### Work to be completed
Reproduce, without alteration, every line of the data; exclude the images.

### Collected data
---*---
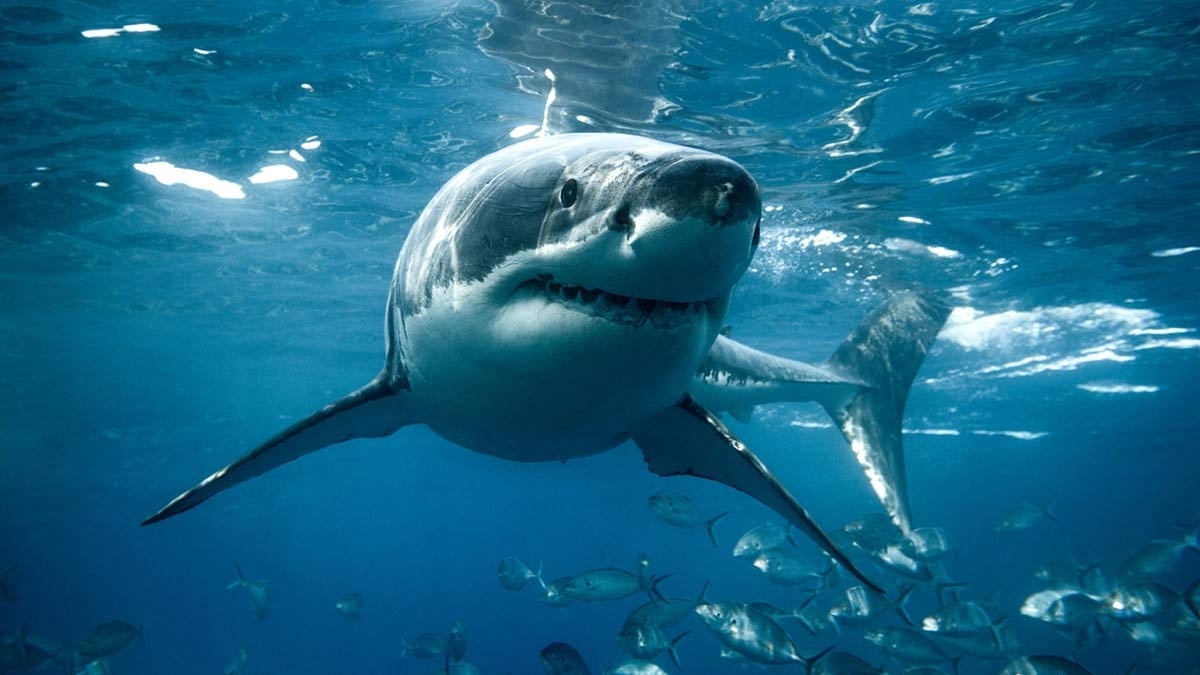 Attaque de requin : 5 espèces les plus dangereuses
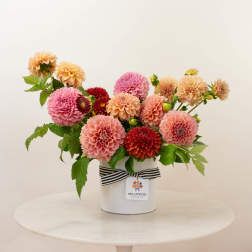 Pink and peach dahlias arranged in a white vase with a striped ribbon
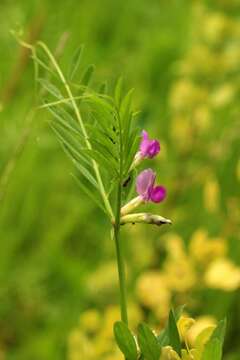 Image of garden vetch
---*---
### Response to this task
 Attaque de requin : 5 espèces les plus dangereuses
 Pink and peach dahlias arranged in a white vase with a striped ribbon
 Image of garden vetch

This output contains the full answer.